There have been many times when I have heard supposed Christians say, “there is nothing in the Bible that says Christians are to be perfect”. Like the other statements we’ve examined above, those who make this statement do so boldly. They speak with a great amount of confidence. They have misunderstood Scriptures that teach we’ve all sinned in the past (i.e. Romans 3:23 and I John 1:8-10). Thus, they scream out that no one can be perfect. Brethren, there are MANY Scriptures that teach we are to be perfect (Genesis 6:9, Genesis 17:1, Deuteronomy 18:13, I Chronicles 28:9, Psalms 101:2, Proverbs 11:5, Matthew 5:48, Matthew 19:16-21, Romans 12:1-2, II Corinthians 7:1, II Corinthians 13:11, Colossians 1:28, II Timothy 3:16-17, and Hebrews 13:20-21). You are made clean through the blood of Christ (Revelation 1:5). You then are expected to stop sinning (John 8:1-11, Romans 6:1-2, Galatians 2:17, II Timothy 2:19, and I Peter 4:1-2). We are all expected to be holy and blameless (I Peter 1:13-16 and II Peter 3:10-14).

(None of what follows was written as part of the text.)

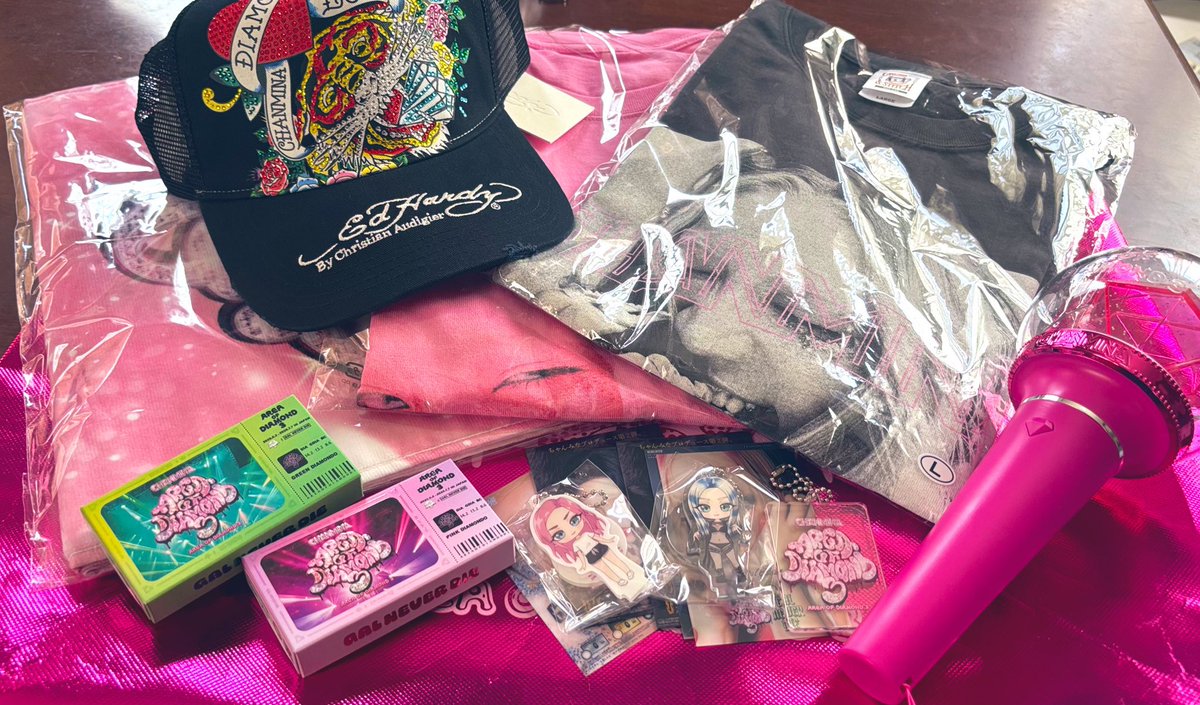 即日発送【新品未使用】ちゃんみなライブ 限定キャップ CAPアクスタキーホルダー Grx1mxYWMAEbL9a.jpg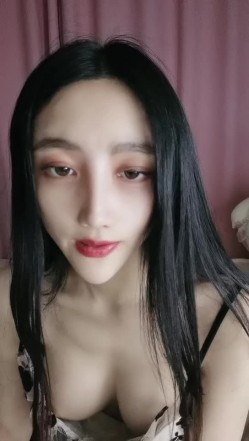 长发高颜值妹子，脱光光傲人身材，热舞搔首弄姿张开腿白虎干净穴撅起屁股 截图13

We surely have to be cautious when we hear something “new” (Colossians 2:8). That does not mean that everything we hear that is new to us is something that is not in the Bible. We have to search those things out and be sure not to have a mindset that keeps us from growing and learning. There are people who spend much time in studying, but do very little learning (II Timothy 3:7). We do not want to become those people. For those of us meeting as the congregation at Sunrise Acres, it was not long ago that we learned some of the old songs we were singing were unscriptural. To some, studying the songs we sang was a “new” idea. Yet, it is a very old truth that we are to know and understand what we sing (Psalms 47:7 and I Corinthians 14:15). Let’s maintain our willingness to learn and never become “know it all’s”.